Shelterbelts
By Jonathan Dyck
Conundrum Press, 224 pages, $20
Comics have long been the playground for imaginative exploration in science fiction and superhero escapades. And funny papers remain a welcome respite from the tumult of world news. But comics are also becoming the domain for exploring religious questions. Craig Thompson’s Blankets remains an early foray into evangelical subculture, and Alison Bechdel’s most recent graphic memoir, The Secret to Superhuman Strength, is a masterful (and delightful) look at the spirituality of exercise. Both books are deeply personal and recount the experiences of their authors, but fail to convey what religious experience might look like in a broader community. Jonathan Dyck’s Shelterbelts does just this. Dyck weaves together a tapestry of Christian life in the fictional Canadian Mennonite town of Hespeler, and gives texture and nuance to characters we like, people we all know.
Shelterbelts is less of a narrative than a meditation. It contains narrative, sure, like the story of Gerhard Suderman, pastor of Jubilee Mennonite Church, who is trying to shepherd his small congregation to be more open and inclusive, especially given that his daughter Jess is queer and coming to terms with what that means in a small town. Or there is the story of Mike Wall, the pastor of Park Valley, a megachurch with a mission to expand its campus to include a skatepark and coffee shop.
But the vignettes that make up Shelterbelts are not so much leading to a point as showing that life in community is ambivalent, that the characters who populate Hespeler are like the people who populate our lives: They are flawed, they are charming, and none are as good or bad as we might like them to be. The people in our communities, like us, have parts of their stories that are beautiful and parts they would rather forget. In the words of an older Mennonite character featured in the book, Henry Neufeld, “All of our family stories have parts that we wish were different. But that’s no reason to run away from your heritage” (pp. 39-40). Dyck succeeds in presenting these family stories without running from them (and without using them as fodder).
While the themes that Dyck tackles have a quintessentially Canadian flavor, they will resonate with American readers familiar with rural life, especially in places like the Midwest. Religious themes are most prominent, but Dyck gives interesting portrayals of how pacifism is expressed in a country with a military, how old homesteads are being covered in concrete, and how to honor one’s heritage while recognizing one’s ancestors took lands that did not belong to them.

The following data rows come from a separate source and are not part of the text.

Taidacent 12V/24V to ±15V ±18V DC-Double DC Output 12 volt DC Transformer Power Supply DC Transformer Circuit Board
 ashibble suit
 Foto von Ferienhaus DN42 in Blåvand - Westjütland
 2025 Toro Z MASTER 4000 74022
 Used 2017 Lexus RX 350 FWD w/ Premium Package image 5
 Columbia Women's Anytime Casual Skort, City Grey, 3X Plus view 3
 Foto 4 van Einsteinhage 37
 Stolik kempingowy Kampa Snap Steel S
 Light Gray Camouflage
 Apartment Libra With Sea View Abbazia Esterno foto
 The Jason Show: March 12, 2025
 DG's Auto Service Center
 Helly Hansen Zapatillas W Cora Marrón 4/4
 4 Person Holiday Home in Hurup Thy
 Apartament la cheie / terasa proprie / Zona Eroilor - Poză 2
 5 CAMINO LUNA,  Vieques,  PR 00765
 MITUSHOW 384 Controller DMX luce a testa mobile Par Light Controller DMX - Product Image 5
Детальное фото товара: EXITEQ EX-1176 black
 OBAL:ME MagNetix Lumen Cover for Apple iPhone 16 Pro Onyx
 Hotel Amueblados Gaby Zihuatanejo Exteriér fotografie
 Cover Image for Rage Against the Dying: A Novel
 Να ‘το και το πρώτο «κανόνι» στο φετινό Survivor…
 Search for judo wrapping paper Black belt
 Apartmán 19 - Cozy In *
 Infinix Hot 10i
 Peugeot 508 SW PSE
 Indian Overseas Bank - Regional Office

I think priests and pastors would be well-served by reading Shelterbelts, if only because Dyck portrays characters fairly and sympathetically. In a world of polarization and division, the first step to loving our enemies might be to see them in their complexity. This book is an opportunity to attend to the ways that those who are most unlike us are human. If Dyck is critical of religious life, it’s not from a far distance, but as one who knows intimately how Christian life feels. And to top it off, Stanley Hauerwas and Will Willimon’s Resident Aliens even makes an appearance (p. 31).